Closed djouallah closed 9 months ago
Hello @djouallah
This is a moving target as we expand chdb feature, but here are a few ways off the top of my head.
chdb statements are multiquery, so if you logic allows you can execute your statements sequentially:
chdb.query("create or replace view xxx as select 42; select from xxx;")
You can use temporary dataframe tables to exchange data between calls using the virtual __table__
selector:
import chdb.dataframe as cdf
import pandas as pd
tbl = cdf.Table(dataframe=pd.DataFrame({'a': [1, 2, 3], 'b': ['a', 'b', 'c']}))
ret_tbl = tbl.query('select * from __table__')
print(ret_tbl)
print(ret_tbl.query('select b, sum(a) from __table__ group by b'))
Last but not least, you can pipe data in/out of chdb executions using stdin/out (from the script or anything else)
import sys
import pandas as pd
import pyarrow as pa
import chdb
import subprocess
df = pd.DataFrame({'a': [2, 2], 'b': [4, 4]})

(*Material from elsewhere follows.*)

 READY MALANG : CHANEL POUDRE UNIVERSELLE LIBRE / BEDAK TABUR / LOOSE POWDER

# convert Dataframe to Arrow stream
data = pa.BufferOutputStream()
pa.RecordBatchStreamWriter(data, pa.Table.from_pandas(df).schema).write_table(pa.Table.from_pandas(df))
data = data.getvalue()
query = '''
CREATE TABLE table ENGINE = File(ArrowStream, stdin); SELECT a + b as sum FROM table;
'''
# Spawn the subprocess and pass custom input from the parent process
def spawn_chdb(query, stdin, format):
proc = subprocess.Popen(['python3', '-m', 'chdb', query, format], stdin=subprocess.PIPE, stdout=subprocess.PIPE)
custom_input = data
stdout = proc.communicate(input=stdin)[0].decode('utf-8')
return stdout
# Call the function to spawn the subprocess with custom input
res = spawn_chdb(query, data, "Dataframe")
# Run the query
print(res)
Hope this helps. If I missed any other way, the team will fill in :)

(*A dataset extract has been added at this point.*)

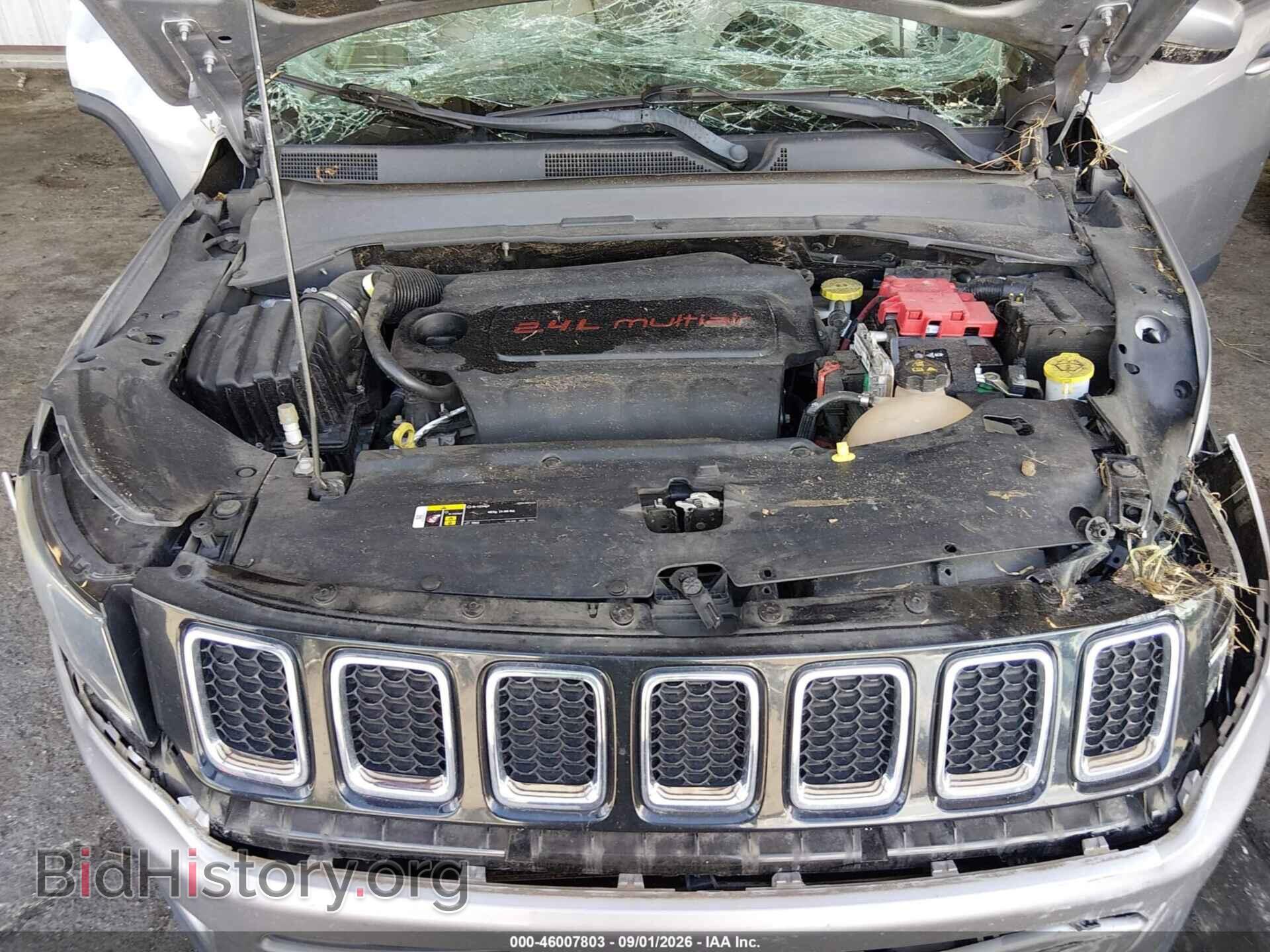 2019 JEEP COMPASS - VIN: 3C4NJCBB2KT762786 - Фото 10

thanks, but that does not replace the functionality of a view, and please don't tag is as a question, it is a feature request.
can we have something like this
that's a question right there 😄 if its a feature request, please add it to the title anytime.

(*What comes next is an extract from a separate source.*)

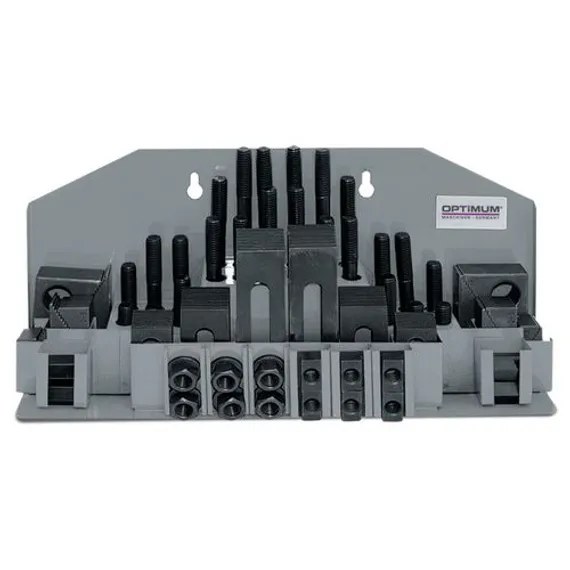 Набор зажимных приспособлений Optimum SPW 14 под пазы 16 мм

interesting, it seems to be working, at least i don't get errors but no result :) https://colab.research.google.com/drive/1o07UEUUAxcdR9WCdYt53mVZBvqqbqzxn#scrollTo=MDTt42NXEL5_
@djouallah There is an issue, the chdb default db is not saved in the session(default behavior in clickhouse-local). If you want to preserve it, you can create a new db and create table, view in the new db.
It might be wired for now, I can fix that in the v0.12 release. Any suggestion?
ideally something like this will be great, I prefer not to hard code the db to the table name, and show method will be really nice for python compatibility
from chdb import session as chs
sess = chs.Session()
sess.query("CREATE DATABASE IF NOT EXISTS db_xxx ENGINE = Atomic")
sess.query(f'create view db_xxx.lineitem as select * from file("./{sf}/lineitem/*.parquet", Parquet)')
sess.query("use db_xxx")
sess.query("SELECT count(*) FROM lineitem").show()
Great suggestion about use db_xxx
.
But why ret.show()
for the result, similar to print(ret)
?
Any reference who supports this?
Spark, duckdb, datafusion, it is not a very big deal , just a personal preference, don't worry about :)
use db_xxx. will be really nice for SQL compatibility
using 0.14.1, still does not works :(
@djouallah this release was focused on UDF support, but don't worry use
support is still on the way!
can we have something like this
chdb.query("create or replace view xxx as select 42")
chdb.query(" select from xxx")